== Segment start ==

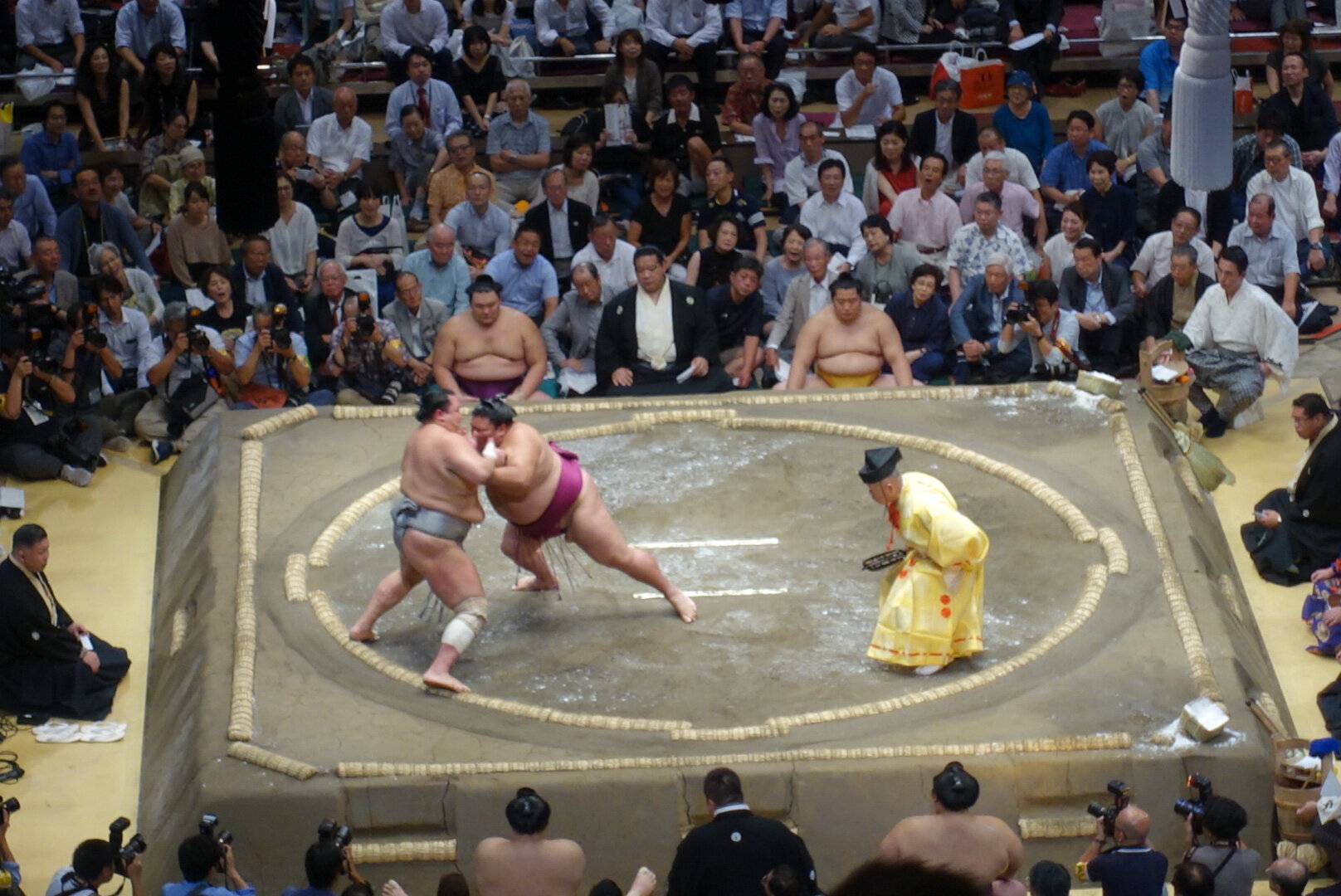 what to do in tokyo sumo tournament 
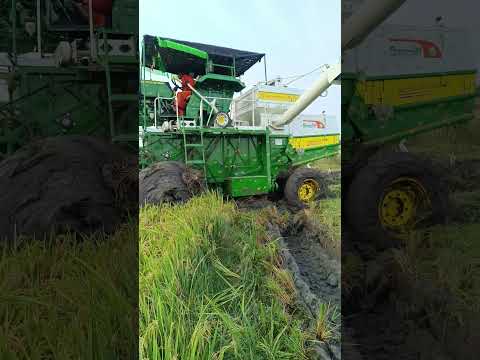 jd 5075 green gold harvester 4wd 75 in deep mud #automobile #greengold #johndeere #tractor #trending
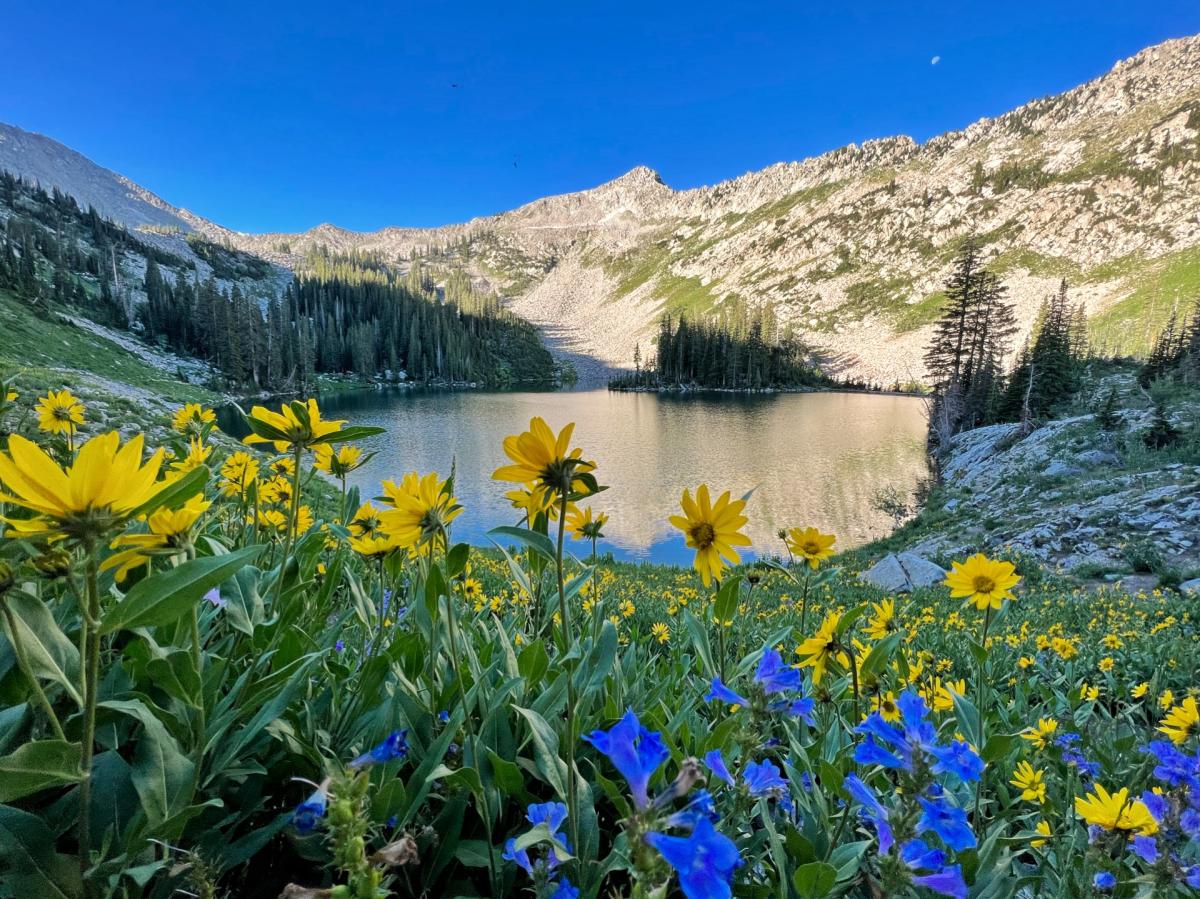 Where to See Some of Spring's Most Spectacular Blooms in the West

== Segment end ==

* **Aim of the exercise**
Give the preceding data back exactly, minus every picture.

* **Task output**
 what to do in tokyo sumo tournament 
 jd 5075 green gold harvester 4wd 75 in deep mud #automobile #greengold #johndeere #tractor #trending
 Where to See Some of Spring's Most Spectacular Blooms in the West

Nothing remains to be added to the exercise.